### The task
Return all of the listing word for word; the pictures stay out.

### The data
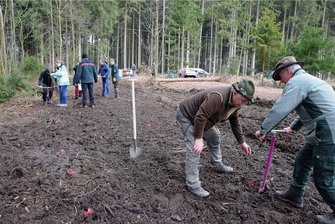 Neue Bergahorne für den Reichenbacher Stadtwald sind im Boden - Revierförster Joachim Gorski (vorn rechts) und Jäger Manfred Barschdorf beim Pflanzen von Bäumen im Stadtwald.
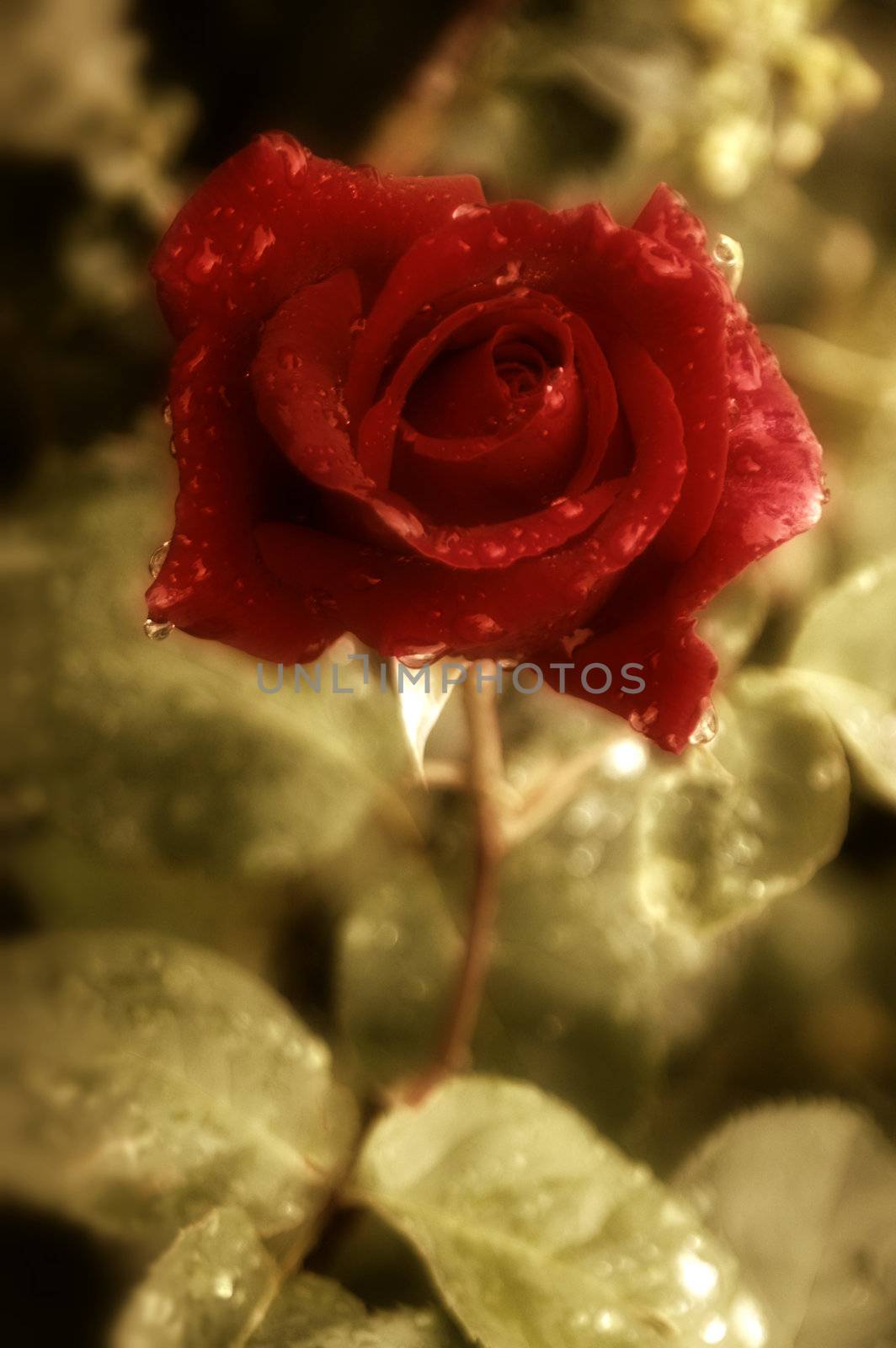 old postcard red rose  by Carche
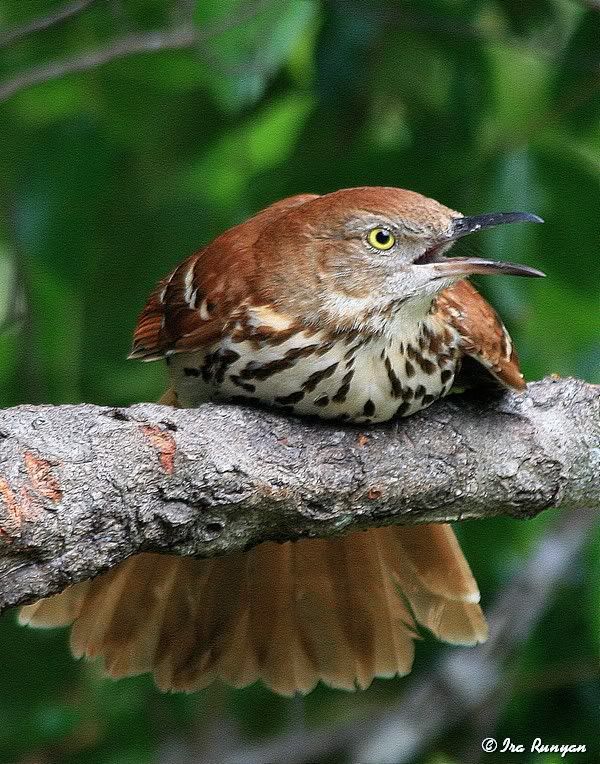 BrownThrasher_7771.jpg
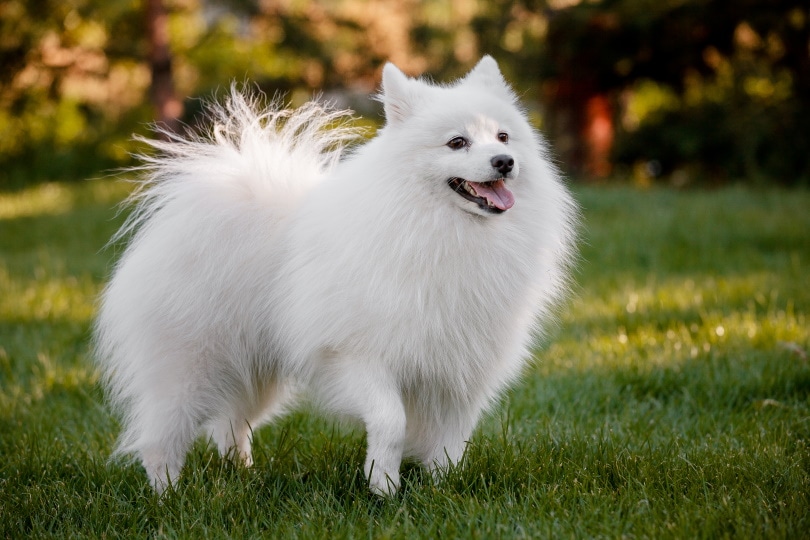Japanese Dog Mom Sex - Japanese Spitz Dog Breed Guide: Info, Pictures, Care & More | Pet Keen
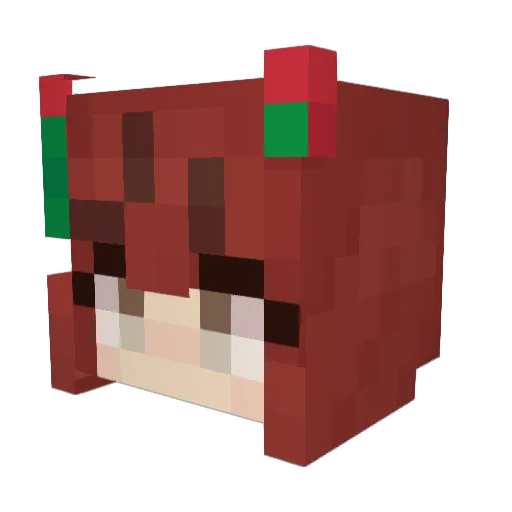 Bird_Brainer Minecraft avatar head, 3D render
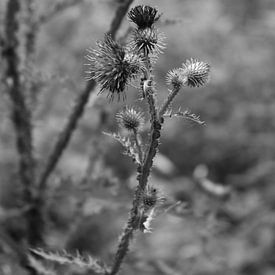 Wildblume in Schwarz und Weiß von Summer van Beek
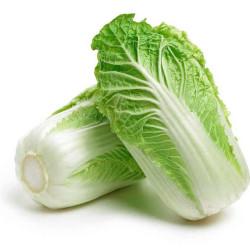 Chinese / Napa Cabbage (कैबेज) 1pc  (250 - 400gm)
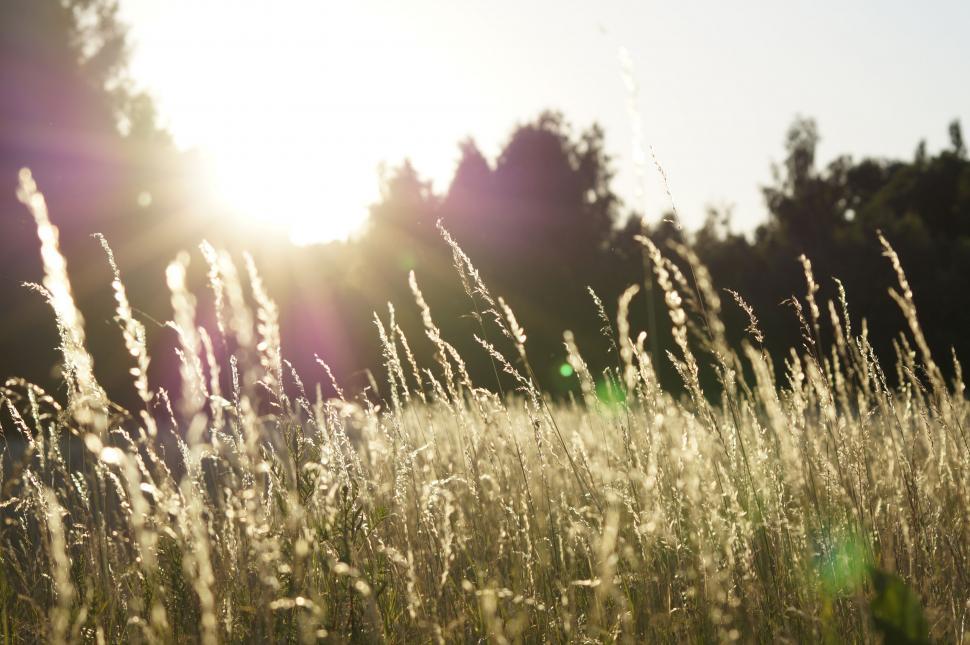 Free Image of Sun Setting Over a Field of Tall Grass 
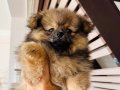 Dünya Tatlısı Pomerian Bebekler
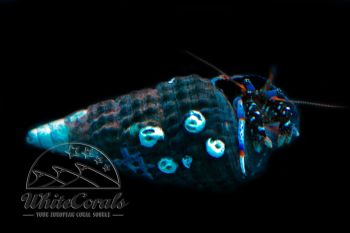 Clibanarius tricolor - Blueleg Hermit Crab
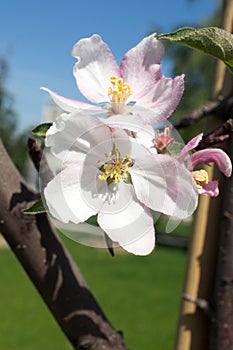 Apple Tree Malus domestica in spring garden.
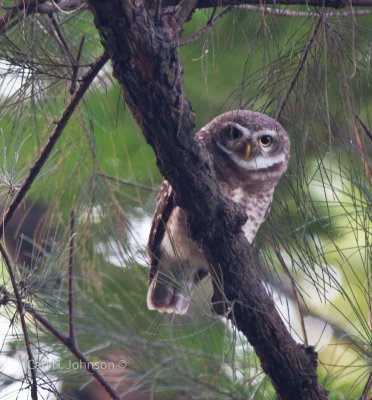 Spotted Owlet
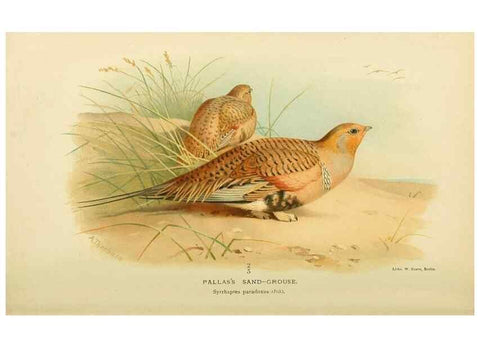 Reproducción/Reproduction 10560333954: Coloured figures of the birds of the British Islands / issued by Lord Lilford.. London :R. H. Porter,1885-1897.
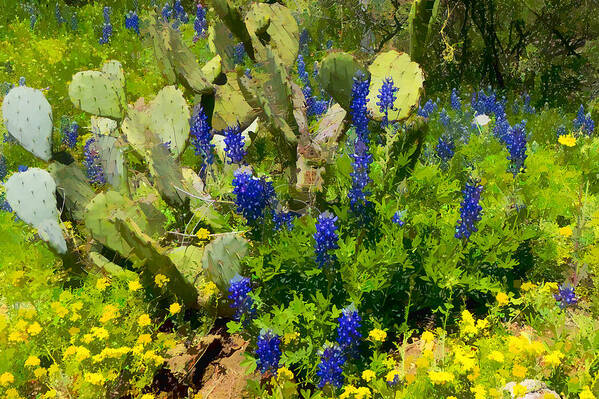 Blue Bonnets Art Print featuring the photograph Blue Bonnets and Cactus by Dean Ginther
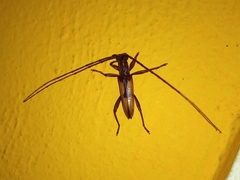 Cerambycidae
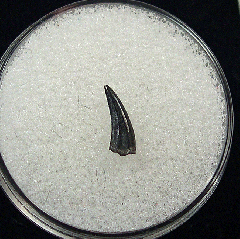 Cretaceous Hadrosaur tooth for sale | Buried Treasure Fossils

### Solution
 Neue Bergahorne für den Reichenbacher Stadtwald sind im Boden - Revierförster Joachim Gorski (vorn rechts) und Jäger Manfred Barschdorf beim Pflanzen von Bäumen im Stadtwald.
 old postcard red rose  by Carche
 BrownThrasher_7771.jpg
Japanese Dog Mom Sex - Japanese Spitz Dog Breed Guide: Info, Pictures, Care & More | Pet Keen
 Bird_Brainer Minecraft avatar head, 3D render
 Wildblume in Schwarz und Weiß von Summer van Beek
 Chinese / Napa Cabbage (कैबेज) 1pc  (250 - 400gm)
 Free Image of Sun Setting Over a Field of Tall Grass 
 Dünya Tatlısı Pomerian Bebekler
 Clibanarius tricolor - Blueleg Hermit Crab
 Apple Tree Malus domestica in spring garden.
 Spotted Owlet
 Reproducción/Reproduction 10560333954: Coloured figures of the birds of the British Islands / issued by Lord Lilford.. London :R. H. Porter,1885-1897.
 Blue Bonnets Art Print featuring the photograph Blue Bonnets and Cactus by Dean Ginther
 Cerambycidae
 Cretaceous Hadrosaur tooth for sale | Buried Treasure Fossils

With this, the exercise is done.